El uso de monólogos interiores y de analepsis reflejan la maestría de Aramburu a la hora de vertebrar la narración de la historia. Es más, el asesinato del Txato aparece y desaparece, está aquí y allá, y va surgiendo con cada protagonista, con sus consecuencias personales, nueve veces. La acción más potente de la historia se repite sin que chirríe, desperdigada, en una forma que recuerda a Crematorio, de Chirbes -otra de esas novelas, apunta este reseñista de poca monta, donde los pensamientos y las analepsis son centrales, pero con una densidad estilística triplicada-.

«Pero un hombre puede ser un barco. Un hombre puede ser un barco con el casco de acero. Luego pasan los años y se forman las grietas. Por ellas entra el agua de la nostalgia, contaminada de soledad, y el agua de la conciencia de haberse equivocado y la de no poder poner remedio al error, y esa agua que corroe tanto, la del arrepentimiento que se siente y no se dice por miedo, por vergüenza, por no quedar mal con los compañeros. Y así el hombre, ya barco agrietado, se irá a pique en cualquier momento».

(Patria, página 455)

¿Pegas? ¿Problemas? Quizá la homogeneización de los personajes a la hora de encarar los diálogos y expresarse; hay una cierta tendencia a que todos hablen de manera semejante, con el mismo ritmo, las mismas construcciones sintácticas o los mismos insultos (predominancia absoluta del cagüendiós por todos lados).
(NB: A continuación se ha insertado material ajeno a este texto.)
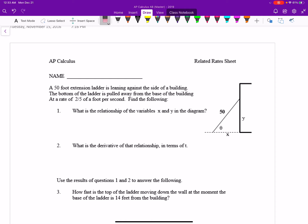A 50-foot extension ladder is leaning against the side of a building. The ladder is not changing in length, so we can put in the 50 — that's not something that varies. The bottom of the ladder is being pulled away at a rate of two-fifths foot per second. What is the relationship of the variables x and y in the diagram? Theta is in there, but it's just asking us to relate x and y together.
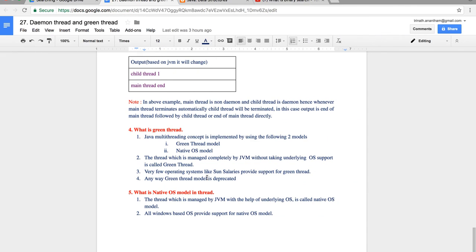So those are native OS model threads and green threads. In this session we discussed what daemon threads are, what non-daemon threads are, the default JVM daemon threads, how to create custom daemon threads, and related concepts. In the next session we will discuss thread dump stack, guardian blocks, and some other concepts.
Incluso cuando se establecen diferencias de riqueza léxica y clase social se cae en lo homogéneo dentro de cada grupo. Un detalle nimio, eso sí, que no impide el éxito en la construcción de los personajes.

Con Patria, uno entiende mejor las heridas y las cicatrices, el dolor incapacitante del País Vasco. Es una pieza más de un espacio para la memoria, que cumple su función como objeto literario y cuya lectura, si se quiere profundizar en el impacto de ETA, se debe acompañar de otros textos históricos, películas, documentales y archivos fotográficos. No se constituye como La Novela sobre el tema -tendríamos que acudir, seguramente, al núcleo mismo de la literatura vasca y comenzar a leer y comparar- pero sí un eje central en su comprensión, una capa más, una dimensión más para fraguar, cada uno, su opinión y su perspectiva de la realidad.

Patria es lo que es. Para algunos, un relato glorificador del constitucionalismo, parcial en lo político, puesto al servicio del statu quo; para otros, una historia simplista, poco creíble, de lágrima fácil y humanizadora del terrorismo. Dejémoslo en un documento humano que acerca lo que se sintió a los que apenas sabemos nada, a los que apenas conocemos una ínfima parte de aquel trauma social. Al final, tengámoslo en cuenta, la literatura hace lo que hace: encarna, libera y remueve. Que no es poco.